America loves bubbles. A “speculative bubble,” according to Webster’s New World Finance and Investment Dictionary, is, “A rapid but often short-lived run-up in prices that is caused by irrational exuberance, rather than the basic underlying fundamentals of the market. As the speculative bubble increases, more investors are likely to buy until it appears that everyone believes prices will rise further. When the bubble finally bursts, prices fall even faster than they rose with everyone rushing to sell at the same time, which produces widespread and severe losses.”
Some experts claim bubbles are unknown until after they burst, yet financial advisor Peter Schiff, owner of EuroPacific Capital, stated in 2005 that the U.S. economy was, in essence, a bubble that would not be able to sustain its rate of growth and would subsequently crash.
Self-titled “experts” of finance, who now claim that the end of the recession is approaching, were so well-informed as to laugh in Schiff’s face and claim that there was a complete lack of evidence supporting his view. Schiff was right then, the “experts” were wrong.
Yet politicians, including Gov. Bill Ritter, want us to believe the recession has ended and the stimuli worked, while Rep. Ron Paul and Schiff argue the edge of the cliff is approaching and the stimuli only worsened the impending crash. Do you trust those proven wrong or those proven right?

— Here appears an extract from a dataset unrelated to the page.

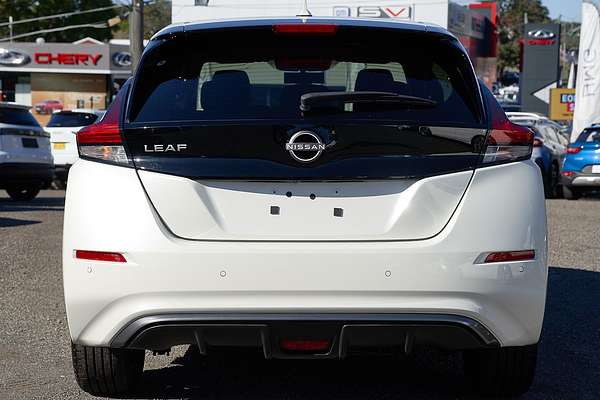 2023 Nissan LEAF ZE1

I say trust the latter. Essentially, the entire economy began a massive correction last fall. The correction had been approaching for many years. Republicans and Democrats worked together to interfere in the real estate market in the early 1990s and the bubble began to inflate rapidly as millions who were previously unqualified for mortgages began utilizing the newly legislated lending standards to purchase homes they could not afford.

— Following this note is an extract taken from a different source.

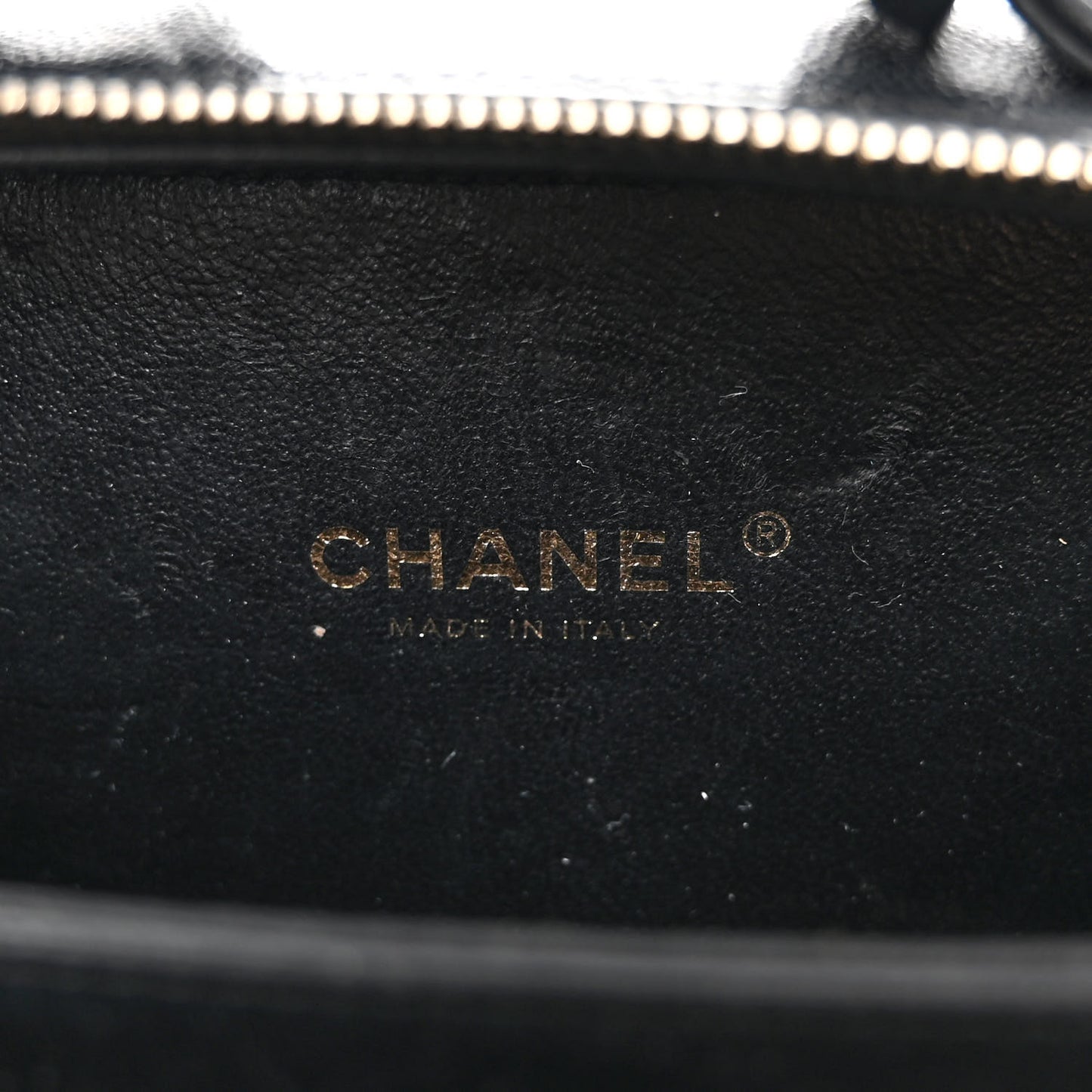 Caviar Quilted Small CC Filigree Vanity Case Black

As philosopher Lewis Black said, “The only thing dumber than a Democrat or a Republican is when these pricks decide to work together.”
Now, in consideration of Schiff’s view of the impending collapse and the definition of a bubble, it appears as if another bubble has been inflating for decades. It relied on the U.S. economy to maintain its unsustainable growth in order to continue its expansion.
Higher education, which this paper’s own editorial board seems to believe is a natural right, is in a bubble. Higher education once made higher paying employment upon graduation a reward for the knowledge and comprehension gained during the years spent in college or university.
Employment alone is no longer a guarantee, much less higher paying employment. We will spend more than $50,000 for a four-year education, and that is if you are fortunate enough to pay in-state tuition.
Higher education has so successfully maintained the illusion of success that many colleges and universities, including CSU, have spent millions of our tax dollars and student fees to increase their administrations and facilities.
Unfortunately, we are seeing recessionary effects with university layoffs and budget cuts.
Higher education, thanks to the federal government, has entered a speculative bubble that is about to burst. We are paying a cost for education that exceeds its value in the market.
And now the federal government will manage student loans. Does anyone believe the federal government will lend money more effectively than private banks? The government is going to take tax dollars from those recognizing the futility of incurring the costs of higher education and “lend” tax dollars to people incapable of repaying student loans.
What do you expect will happen to the value of our higher education then? Still love bubbles?